Apoio dos Parlamentares Cearenses

Dentre os parlamentares cearenses, apenas quatro já assinaram a PEC:

  • Célio Studart (PSD)
  • José Guimarães (PT)
  • Idilvan Alencar (PDT)
  • Luizianne Lins (PT)

Entre os partidos, o PT lidera com 41 assinaturas, seguido pelo Psol com 12. No PSD, apenas quatro parlamentares assinaram, incluindo Célio Studart. Idilvan Alencar é um dos cinco pedetistas que apoiam a proposta.

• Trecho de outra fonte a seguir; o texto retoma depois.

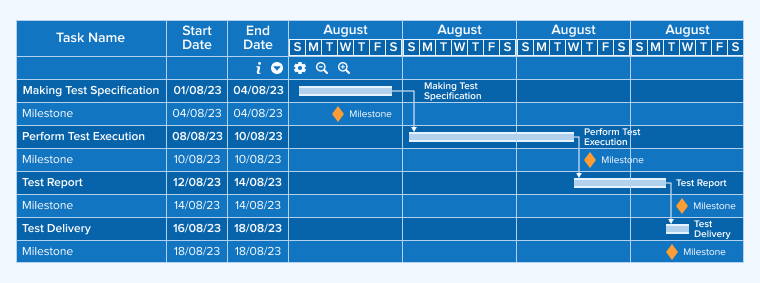 Schedule & Estimation Schedule & Estimation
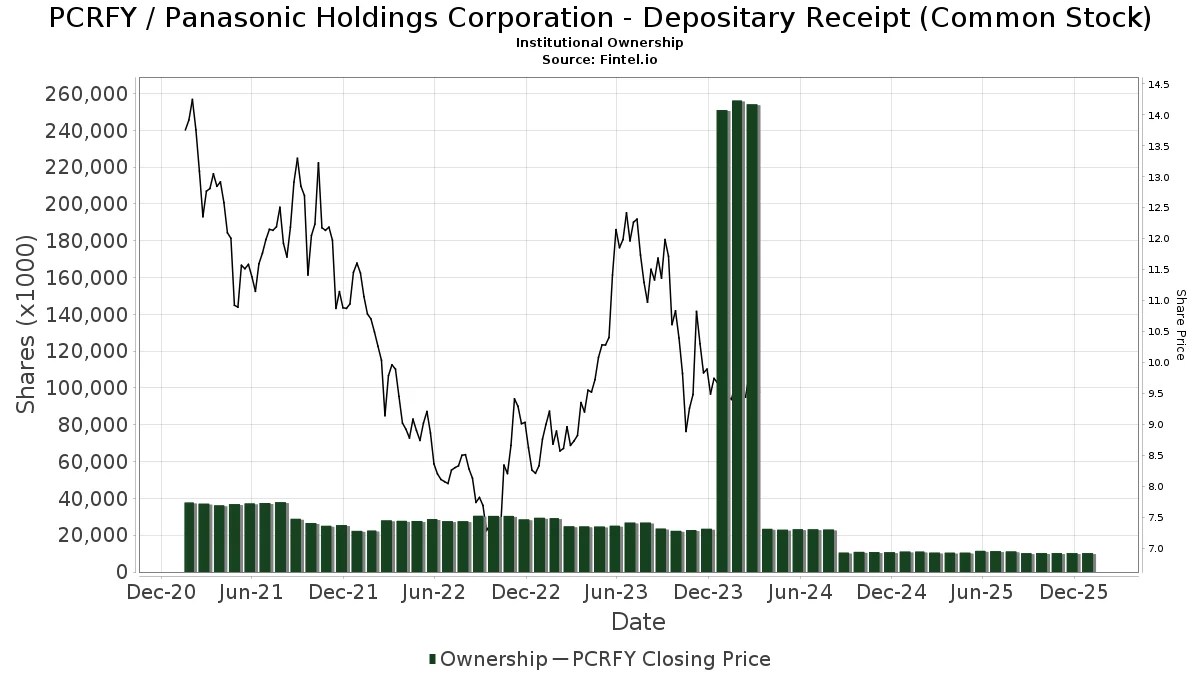Panasonic Holdings Corporation ADR (PCRFY) Price Target Increased by
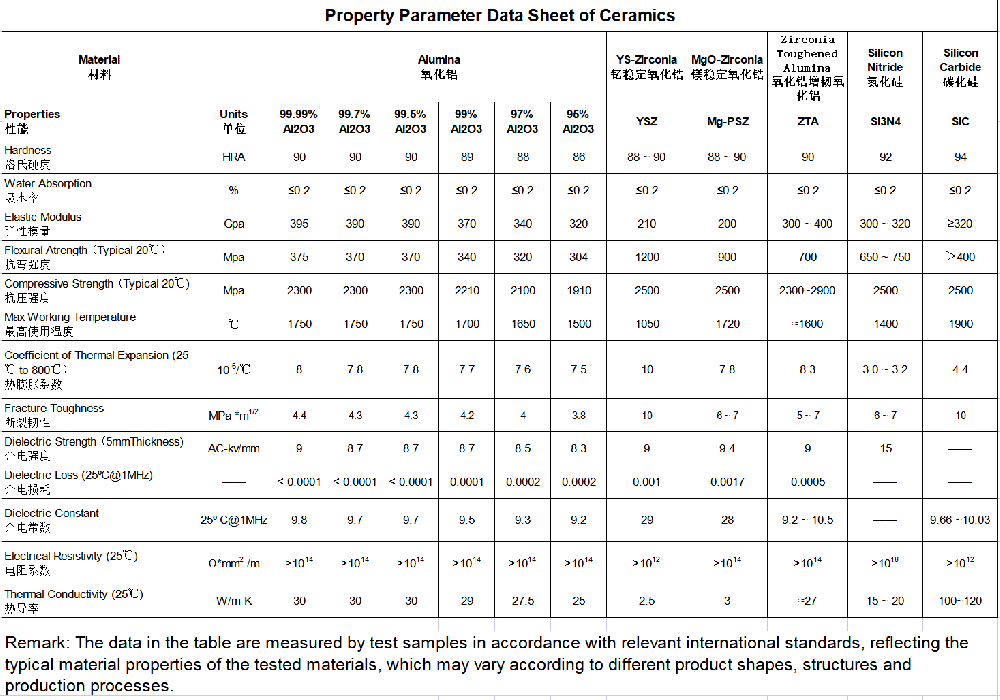 Ceramic Patameters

Parlamentares Cearenses que Ainda Não Assinaram

Um total de 22 parlamentares compõem a bancada do Ceará na Câmara dos Deputados. Confira quem ainda não assinou a proposta:

  • Aj Albuquerque (PP)
  • André Figueiredo (PDT)
  • Danilo Forte (União Brasil)
  • Dayany Bittencourt (União Brasil)
  • Domingos Neto (PSD)
  • Dr. Jaziel (PL)
  • Dra. Mayra Pinheiro (PL)*
  • Eduardo Bismarck (PDT)
  • Eunício Oliveira (MDB)
  • Fernanda Pessoa (União Brasil)
  • Zé Airton (PT)
  • Luiz Gastão (PSD)
  • Matheus Noronha (PL)
  • Mauro Filho (PDT)
  • Moses Rodrigues (União Brasil)
  • Robério Monteiro (PDT)
  • Tadeu Oliveira (PL)*
  • Yury Do Paredão (MDB)

*Deputados em exercício, no lugar dos licenciados André Fernandes e Júnior Mano

Origem da Proposta

A proposta teve origem com o Movimento Vida Além do Trabalho (VAT), liderado pelo vereador eleito do Rio de Janeiro, Rick Azevedo (Psol). Até o momento, 1,3 milhões de assinaturas da petição online já foram aderidas com o intuito de pressionar os parlamentares para a extinção da escala 6×1. No formato atual, a pessoa trabalha seis dias por semana, com folga em apenas um dia, desde que não ultrapasse 44h semanais.

Debate nas Redes Sociais

Neste fim de semana, o debate rompeu as paredes do Congresso Nacional, ganhando destaque na rede social X, o antigo Twitter. Erika Hilton também tem se engajado nas suas redes, com o intuito de trazer a população para o debate e gerar pressão para a assinatura de seus colegas parlamentares. A psolista trata a escala como “desumana”. “Isso tira do trabalhador o direito de passar tempo com sua família, de cuidar de si, de se divertir, de procurar outro emprego ou até mesmo se qualificar para um emprego melhor”, disse.

Legislação Atual

Conforme o texto da Constituição e da Consolidação das Leis do Trabalho (CLT), a jornada de trabalho não pode ser superior a 8h diárias e 44h semanais, sendo facultada a compensação de horários e a redução de jornada, mediante um acordo ou convenção coletiva de trabalho, incluindo a possibilidade da escala que a psolista visa extinguir.